Nature and Memories Are Soul Food

Across the Fence #498

From where I’m sitting on our back deck as I write this I can look across the fields and see Birch Hill. Just down the road, east of Birch Hill, is where Smith School used to be located. There’s nothing on that corner near Highway 14 anymore. The school house had to go to make way for the four-lane Uffda Bahn. Even the one beautiful tree not destroyed by the DOT, that stood in the school yard, has been destroyed since the road was built to make way for a couple more rows of corn. Across the road from where the school house stood is where Oscar and Julia Hanson, my grandparents lived. The trees and building are still standing, except for the barn that was taken down a few years ago.

Beyond their place I can see the farm where I was born and lived until I was around ten years old. The same house and barn are still there. As I sit here looking out across the rolling prairie I’m thinking that I’ve spent time in other places around the world, but I’ve come full circle. There are a lot of memories out there in the land around our home. 

Birch Hill view from our back deck.

When I look at Birch Hill in the spring, I think of the times we walked there from Smith School and our teacher would conduct classes in a clearing among the rocks, bushes and trees on a large, flat rock that served as our classroom. For those of you who didn’t have the opportunity of attending a one-room school, we had one teacher who taught all eight grades. At Birch Hill, when our grade wasn’t in class, we got to play among the rocks and hills with all the other kids. Birch hill had a lot of heavy undergrowth and trees, and there were many rocks to climb on. I think we played a lot of hide and seek because there were all kinds of great places to hide. Of course, it was even more fun if you could hide with a girl you liked. I remember one year we even spotted a fox while we were playing. Luckily no one ever ran into a skunk. 

Classes held at Birch Hill were like going on a spring break trip for us. I wonder if any schools had spring breaks back in those days. I know our country school didn’t have spring break, but those were fun times for us country kids. We organized our own games and probably made up the rules too. Everyone was included unless they didn’t want to play. 

Yes, there was some bullying back then too, but kids dealt with it as a part of life. When I started school, Smith was a pretty tough place. That year they hired a male teacher to deal with the fighting and students causing problems. It wasn’t just the guys, there were some tough girls too. When we had a Smith School reunion a few years ago, one person told me she wouldn’t be attending because she didn’t have any good memories from those years. She had been bullied by another female student. I guess we weren’t as sensitive to those situations as we should have been. Another student and I sometimes got into arguments and wrestled around and pounded on each other for a while until someone got a bloody nose or the teacher broke up the fight. I guess we looked at those disagreements as part of the school experience. When I look back at my eight years at Smith School, the good times far outweigh the bad. 

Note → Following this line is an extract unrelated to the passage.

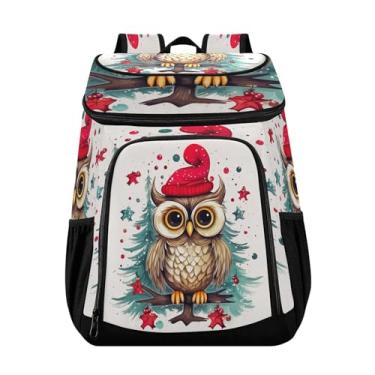 Imagem de Wassud Mochila térmica de coruja fofa com chapéu de Natal, 36 latas à prova de vazamento, impermeável, bolsa térmica, acessórios de praia, viagem, acampamento, pesca, para mulheres e homens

When I sit on our back deck and look around me, there’s a lot of personal memories, besides our fun at Birch Hill. We spent many hours in these fields cutting, raking, and baling hay, plowing, disking, cultivating corn, harvesting oats, and chasing heifers that spent the summer in the back forty. We also spent many hours searching for calves that were hidden in the corn fields next to the pasture. David and I got chased by a skunk one time too. We managed to outrun it. I think I’d be in deep trouble if I ran into an angry skunk today on one of my walks. Lots of memories.   

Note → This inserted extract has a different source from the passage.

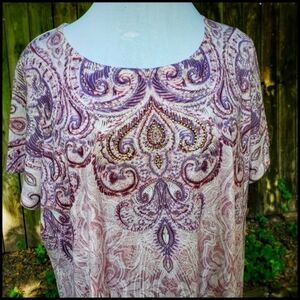 Avenue | Plus Size Scoop Neck Rhinestone Embellished Top Size 18/20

As dusk begins to settle over the landscape, a cool breeze washes over me and birds are singing all around me. A pheasant just called from down near the pond. The trees next to the house are alive with the sound of music. I don’t know what the birds are talking and singing about, but they sure sound happy. 

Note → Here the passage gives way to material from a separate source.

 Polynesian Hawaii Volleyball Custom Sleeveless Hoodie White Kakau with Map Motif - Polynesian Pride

Two rabbits have arrived under the bird feeder looking for a bedtime snack of spilled bird seed. Lightning just streaked across the darkening sky to the south, followed by rolling thunder. I just realized the trees that only minutes ago had been alive with singing are now silent. I guess the birds all went to bed. It reminded me of the Walton’s TV show. At the end of each show they showed the outside of the house as the lights went out and you heard, “Goodnight John Boy, goodnight Elizabeth, goodnight Erin, goodnight Jim Bob,” and on and on it went. Maybe all that chatter was the birds telling each other goodnight too.  

Sitting here in the country surrounded by nature, watching and listening, is good for the soul.